Change UseTTCharmapUnicode to prefer MSSymbol

Prior to "Treat all Unicode character maps like MSUnicode" [0] only the
cmap(3,1) (Windows,Unicode BMP) was considered as Unicode. After that
change, all Unicode cmaps like cmap(0,*) (Unicode,*) are considered as
Unicode. This fixes a number of issues with embedded fonts that do not
have a cmap(3,1).

However, this caused a regression in the case of embedded fonts with
Unicode cmap that isn't cmap(3,1) which also have a cmap(3,0)
(Windows,Symbol). In this case the Unicode cmap is now chosen over the
Symbol cmap. The Symbol cmap has special rules to augment the cmap as
well as special rules around converting to Unicode which will not be
applied to a Unicode cmap.

This changes the rule to prefer cmap(3,1) as before, then any other
Unicode cmap so long as there is no cmap(3,0).

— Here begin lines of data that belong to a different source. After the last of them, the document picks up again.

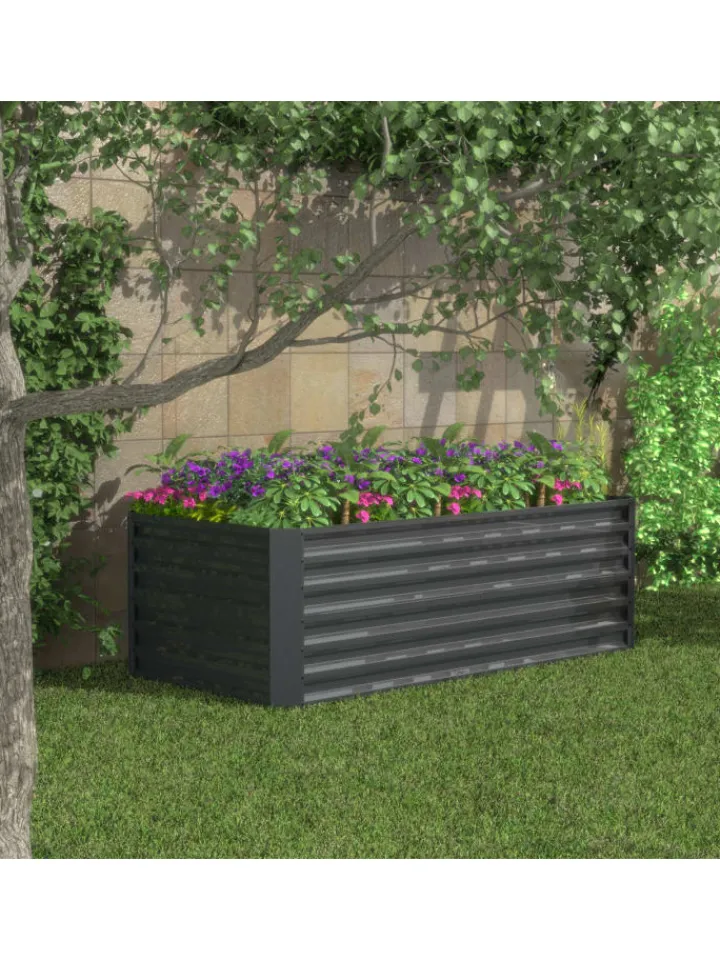 VCM Pflanzen & Zubehör<Metall Hochbeet Gartenbeet 180x90 Galdo XL in Schwarz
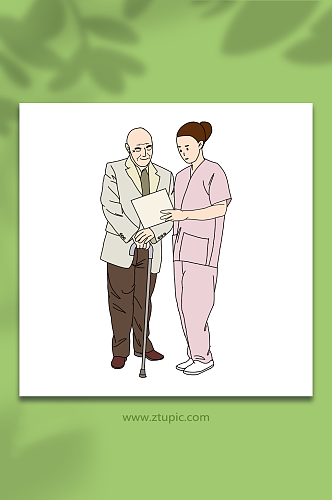 老人与护士人物元素插画
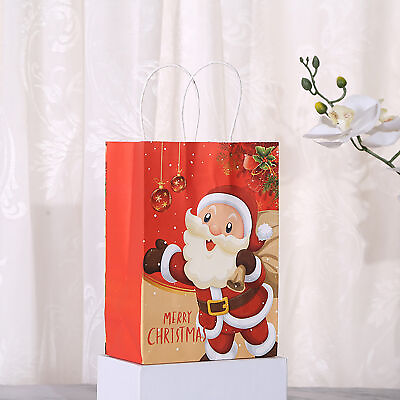 #ad 20pcs Christmas Gift Bags with Handle Strong Load bearing Visual Effect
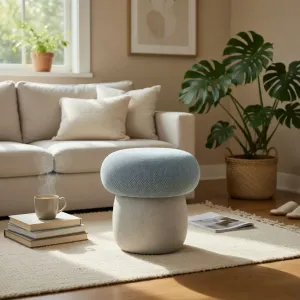 Taburete Redondo Azul Tapizado de Lujo con Base Escultural de Hormigón Blanco Vista lifestyle por Luxury Group International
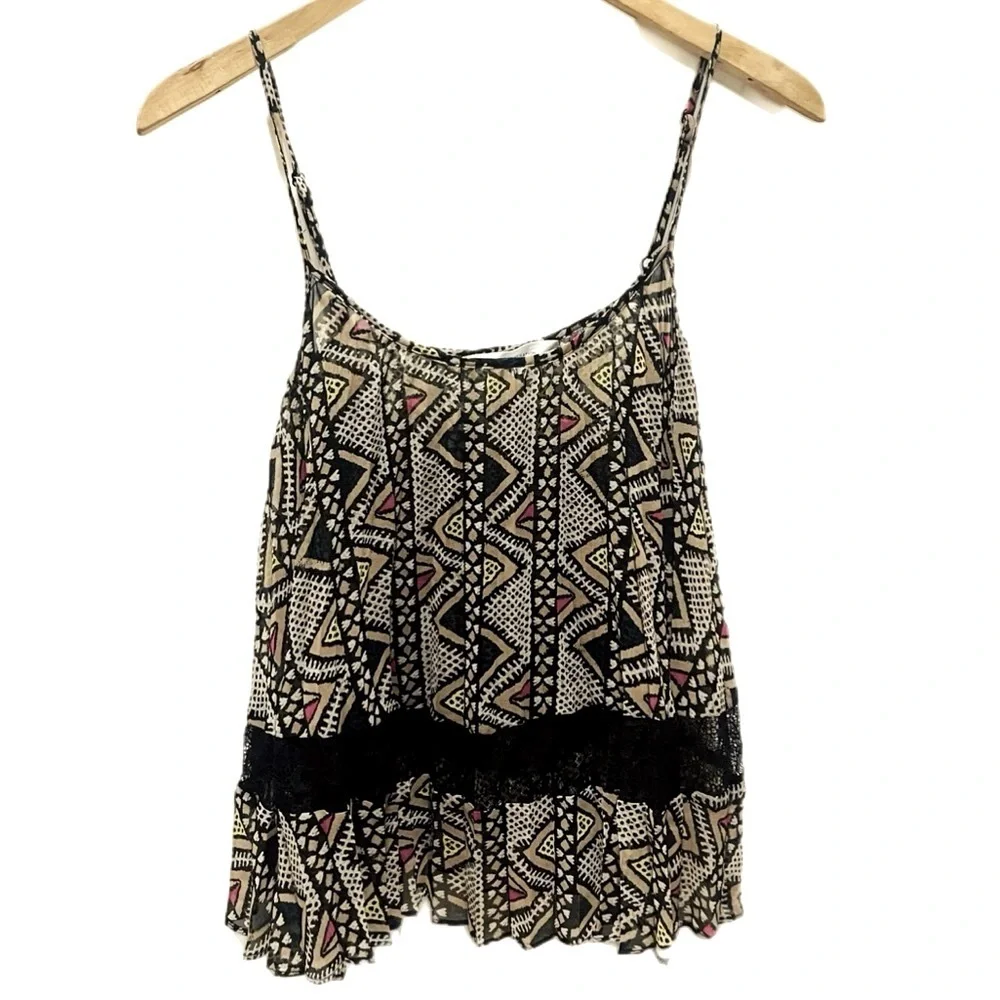 BCBGeneration Sheer Pleated Camisole with Lace Detail in Geometric Print Medium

This restores the
previous behavior while still using Unicode cmaps when they are
available.

[0] https://pdfium.googlesource.com/pdfium/+/5da0e90faa40079145dc146f70bf186d3ad5e93f

Bug: 438810722
Change-Id: I247bb739fcb39b177923a7d4f3821df70dbca4fe
Reviewed-on: https://pdfium-review.googlesource.com/c/pdfium/+/135030
Reviewed-by: Lei Zhang <thestig@chromium.org>
Commit-Queue: Ben Wagner <bungeman@google.com>
Reviewed-by: Ben Wagner <bungeman@google.com>
diff --git a/core/fpdfapi/font/cpdf_font.cpp b/core/fpdfapi/font/cpdf_font.cpp
index 9a98f3b..bd60942 100644
--- a/core/fpdfapi/font/cpdf_font.cpp
+++ b/core/fpdfapi/font/cpdf_font.cpp
@@ -34,6 +34,7 @@
 #include "core/fxge/cfx_fontmapper.h"
 #include "core/fxge/cfx_substfont.h"
 #include "core/fxge/fx_font.h"
+#include "core/fxge/fx_fontencoding.h"
 
 namespace {
 
@@ -429,11 +430,29 @@
 }
 
 bool CPDF_Font::UseTTCharmapUnicode(const RetainPtr<CFX_Face>& face) {
+  size_t charmap_unicode_index = 0;
+  bool charmap_unicode_found = false;
+  bool charmap_mssymbol_found = false;
   for (size_t i = 0; i < face->GetCharMapCount(); i++) {
-    if (face->GetCharMapEncodingByIndex(i) == fxge::FontEncoding::kUnicode) {
+    const int platform_id = face->GetCharMapPlatformIdByIndex(i);
+    const int encoding_id = face->GetCharMapEncodingIdByIndex(i);
+    const fxge::FontEncoding encoding = face->GetCharMapEncodingByIndex(i);
+    if (platform_id == 3 && encoding_id == 1) {
       face->SetCharMapByIndex(i);
       return true;
     }
+    if (platform_id == 3 && encoding_id == 0) {
+      charmap_mssymbol_found = true;
+      continue;
+    }
+    if (!charmap_unicode_found && encoding == fxge::FontEncoding::kUnicode) {
+      charmap_unicode_found = true;
+      charmap_unicode_index = i;
+    }
+  }
+  if (charmap_unicode_found && !charmap_mssymbol_found) {
+    face->SetCharMapByIndex(charmap_unicode_index);
+    return true;
   }
   return false;
 }